At The Seattle Review of Books, none other than Paul Constant does his darndest to describe the genius of Rebecca Brown and her new book, Not Heaven, Somewhere Else (TS Press 2018).
Here’s a snippet:
Aside from “genius,” the other word I would use to describe Rebecca Brown is “elemental.” And I mean that in both senses of the word. Anyone who has seen her sweep into a group reading knows that she is a force of nature. She has turned entire rooms upside down with five-minute readings because she is a Category 5 Writer.
But the lesser-used definition of “elemental” is my favorite interpretation of Brown’s writing. As our understanding of the universe has grown as a species, we’ve learned more and more about the very smallest pieces of everything — from the classical understanding of elements to molecules to atoms to protons and neutrons to quarks and leptons. Brown isn’t just a genius at words. She’s a genius at the invisible forces that bind words together….

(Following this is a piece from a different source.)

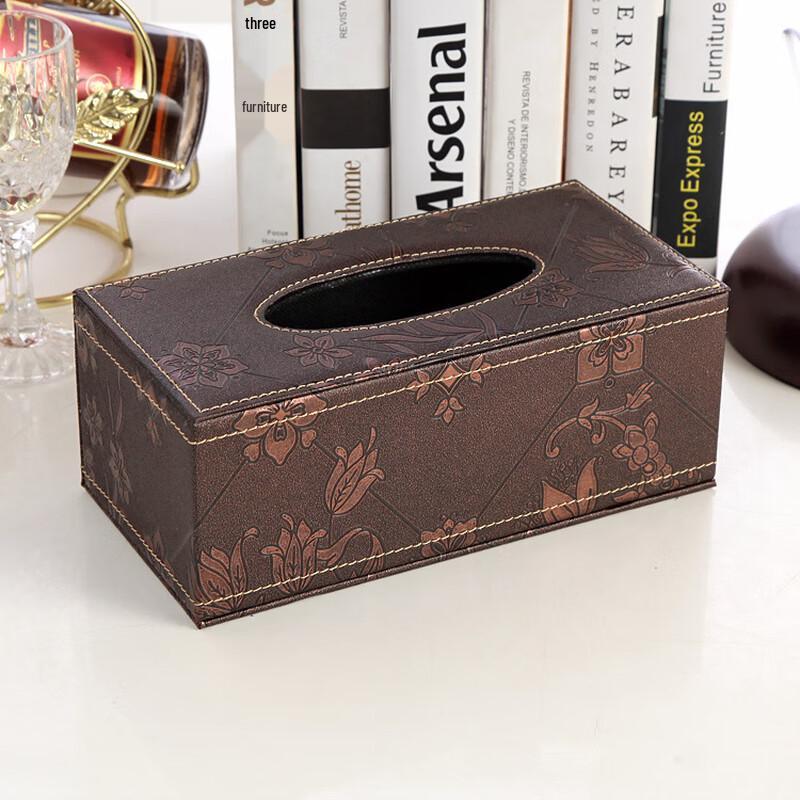 Floral Pattern PU Leather Tissue Box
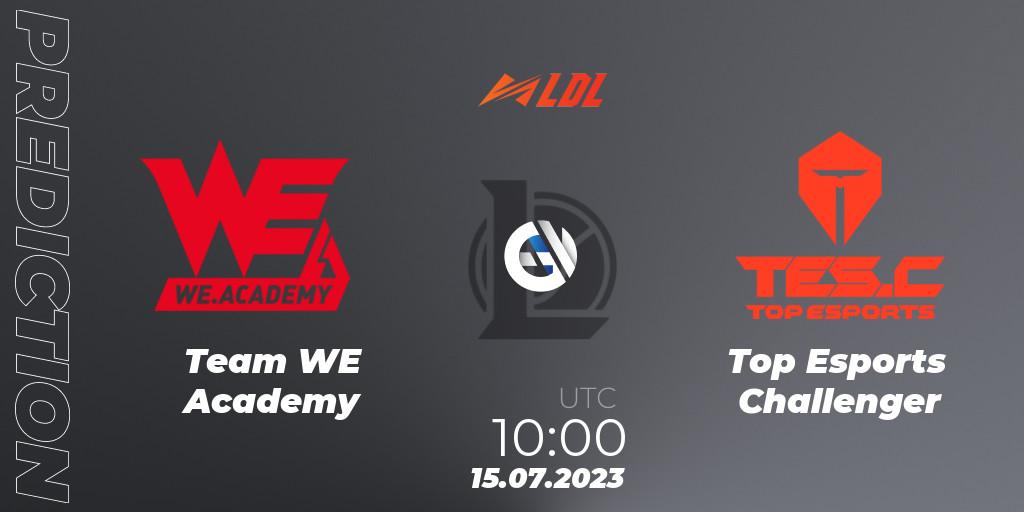 Team WE Academy - Top Esports Challenger: ennuste. 15.07.2023 at 11:00, LoL, LDL 2023 - Regular Season - Stage 3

In Not Heaven, Brown is reaching back into our brains, into the past, into the little switch located somewhere in the gooey glop at the back of our heads that makes us see the world in a never-ending cascade of tales, and she’s doing new things with it — angry things, funny things, fascinating things, things that have never before been done. It feels dangerous and exciting, like if she puts her big brain to it long enough, she could completely rewrite the story of who we are.
Personally, I can’t wait. I’m tired of the old story.